◆ Task to carry out: Below are records; the lines starting at the one with "Pumpkin Bread with" and ending at the one with "A hand holds" must be reproduced exactly, both included. Pictures must not appear.

◆ Working data:
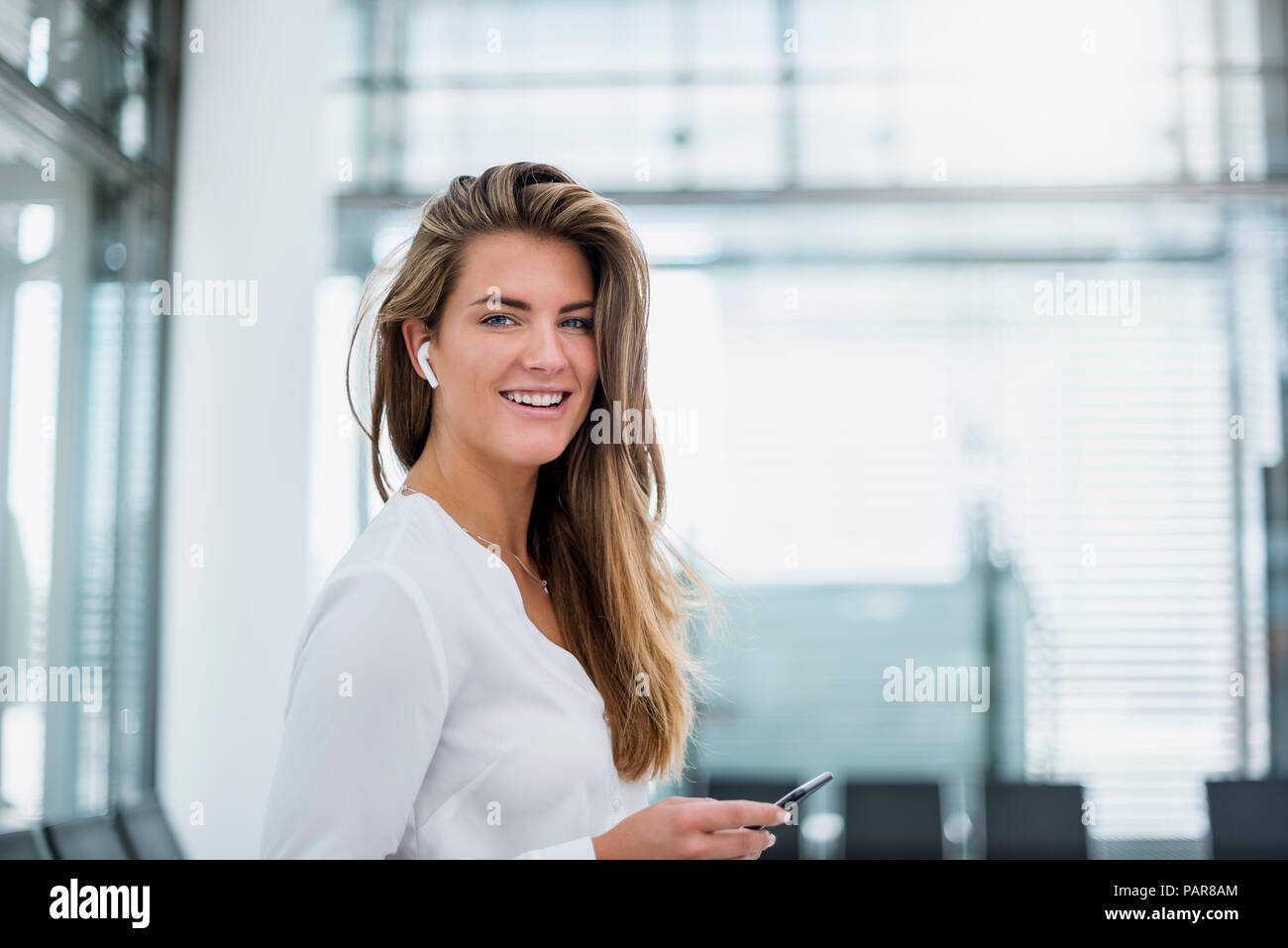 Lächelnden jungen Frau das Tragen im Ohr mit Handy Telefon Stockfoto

==

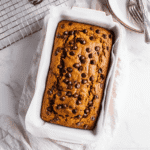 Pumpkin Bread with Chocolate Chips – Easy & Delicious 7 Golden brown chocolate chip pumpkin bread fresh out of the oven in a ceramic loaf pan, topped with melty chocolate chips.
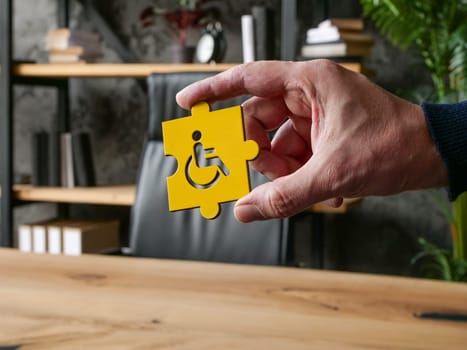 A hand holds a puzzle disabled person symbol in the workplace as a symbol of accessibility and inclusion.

◆ Task answer:
 Pumpkin Bread with Chocolate Chips – Easy & Delicious 7 Golden brown chocolate chip pumpkin bread fresh out of the oven in a ceramic loaf pan, topped with melty chocolate chips.
 A hand holds a puzzle disabled person symbol in the workplace as a symbol of accessibility and inclusion.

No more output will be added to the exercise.